In a subsequent interview with Fox Sports Radio, Trump responded to players and their protests by saying, "Some are very nasty — very, very nasty — and frankly very dumb," and, "There was a nastiness about the NBA the way it was done, too. The NBA is in trouble. Big trouble. Bigger trouble than they understand."
All the while, the Adelsons were the largest financial contributors to Trump's 2016 presidential campaign, his legal defense fund against the investigation into Russian interference of the election, his 2020 campaign and the Republican Attorneys General Association, whose Rule of Law Defense Fund allegedly rallied and organized protesters at the Jan. 6 attack on the U.S. Capitol, including many "Unite the Right" participants.

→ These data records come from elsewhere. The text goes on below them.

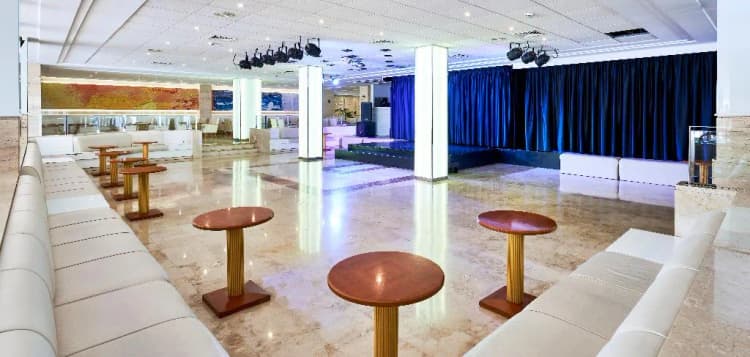 Bar, Globales SuneoClub Pionero Santa Ponsa, Majorca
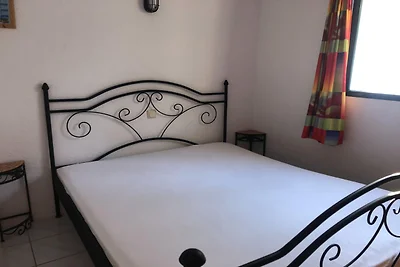 Stilvolles Ferienhaus in Santa Cristina d'Aro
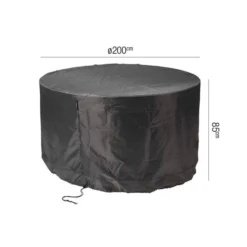 Aerocover Garden Set Round Cover -EGLO Shop 30893807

Sheldon Adelson died five days after the Jan. 6, 2021, insurrection at the age of 87.
"Trump is a patriot. He is keenly aware of the cost to the United States of losing credibility," Miriam Adelson wrote in a 2019 front-page editorial for the Las Vegas Review-Journal (owned by the Adelsons), after a contentious choice to move Israel's U.S. Embassy to Jerusalem. "Would it be too much to pray for a day when the Bible gets a 'Book of Trump,' much like it has a 'Book of Esther' celebrating the deliverance of the Jews from ancient Persia?"
Trump awarded Miriam Adelson the Presidential Medal of Freedom in 2018. She reportedly shared dinner last month with Trump, who over the last decade has described Cuban as, among other things, "a jerk," "an arrogant, crude, dope" and a "weak man with a big mouth" who is "not smart enough to run for president."
That last bit came shortly after Cuban's 2017 criticism of Trump. When Under Armour founder Kevin Plank called Trump "a real asset for the country," and Curry, one of the company's most prominent spokespeople, responded, "I agree with that description, if you remove the 'et' from asset," Cuban told the Fort Worth Star-Telegram, "I’m proud of Steph for standing up for what he believes in. It’s a tough situation for CEOs."
"In the bigger scheme of things, our country benefits from peaceful activism a lot more than it benefits from one more shoe being sold, or one more basketball ticket being sold, for that matter," Cuban added in that same interview. "The people that say, 'Stay away from politics,' are the people that are looking for politics."
So, what swayed the man who believes that to partner with the people who funded the ire of the NBA's political activism? For starters, a $3.5 billion franchise valuation, control of basketball operations in Dallas and the promise of "a new arena ... in the middle of a resort and casino," so long as Texas' legislation to legalize sports gambling passes in November. The leading lobbyist for that legislation? Adelson's Las Vegas Sands Corporation.
Determination: Fact. Mark Cuban's sale of the Dallas Mavericks raises serious ethical concerns in the NBA.